Fully agree with everything you said except I never claimed or postulated front contract trading. A claim has been made that there is predictive value in the shape of the curve and hence points on the curve and that is simply not true. Anyone with better than market models and superior knowledge of the inputs will hence trade against the market agreed points. That was not contentious. What was disagreeable here was the claim that the curve itself provides predictive value. And I simply disagreed and laid out my rational. Also the role of the large commodity trading houses was also never debated nor disagreed on.
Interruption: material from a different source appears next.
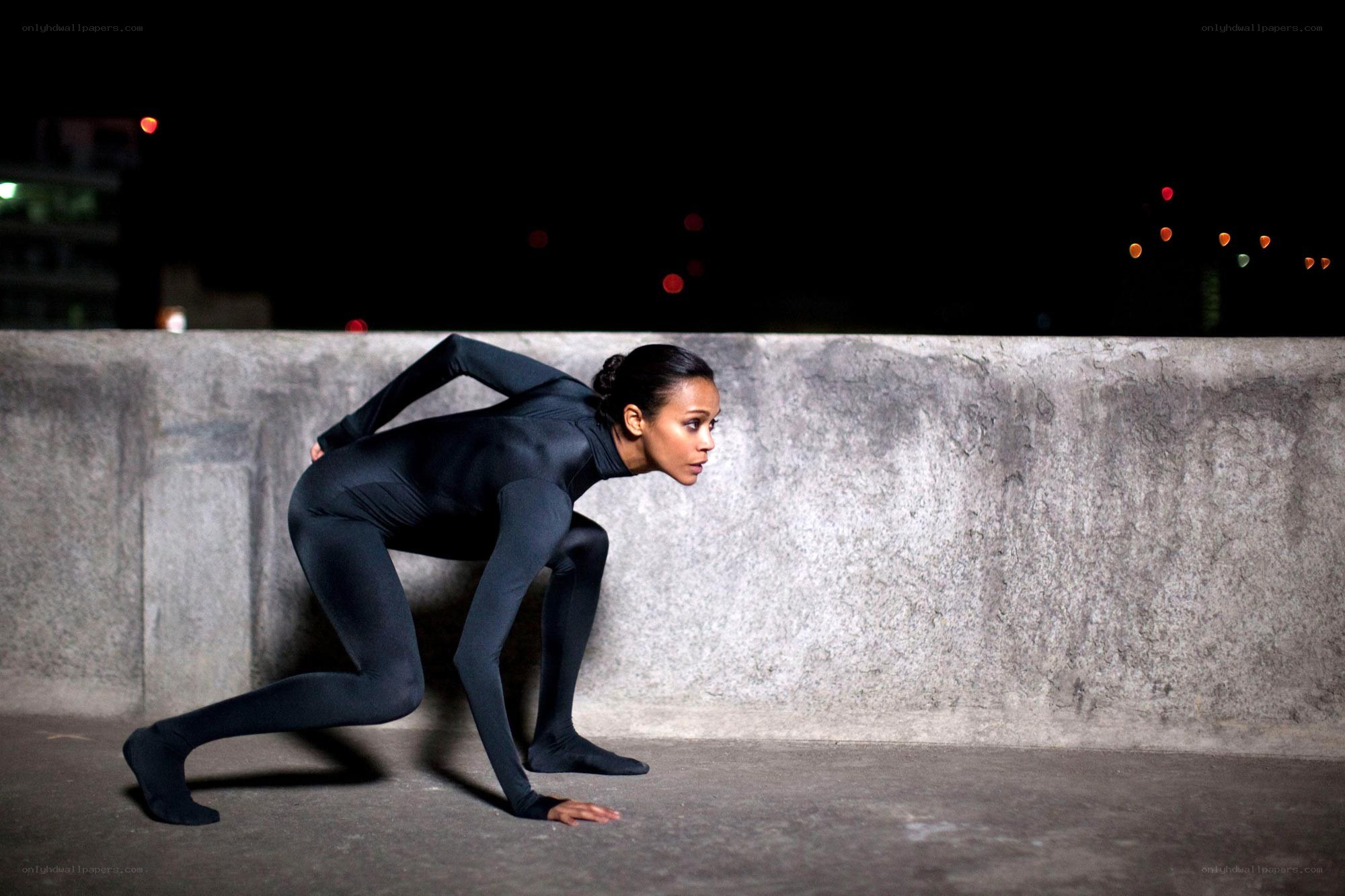 Dancer in black suit at night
I respectfully disagree with the greatest enthusiasm on your points about the forward curves in the commodities. All commodities. I've made a living for many years trading the forward curves in commodities - exchange futures, OTC Bilateral Physical, OTC Financial Swaps. The forward curve is all about SUPPLY and NOT particularly basis components as you imply, and that is exactly why the forward curve is dominated by institutional order flows >>>>> and its THOSE guys you want to be trading with, and NOT the spec traders in the prompt months. You'll live longer and make more $$$$.
I've been doing this since the 1990's, and I can say with great authority that the commodity forward curves mean EVERYTHING to the professional trader - serious big dick swinging specs and both consumption and production commercial desks I speak of.
If you're in this space for size and you don't know the role of Glencore, Bunge, Louis Dreyfus, Cargill, Koch, ADM etc. etc. then you know dick. Nothing. You're trading in the dark. I'll put it to you this way - if you had a trading relationship with OTC brokers like Amerex, Prebon Yamane, Tradition, etc. etc. you'd sure as hell know. The futures are the dog's tail - OTC is the MF'ing DOG.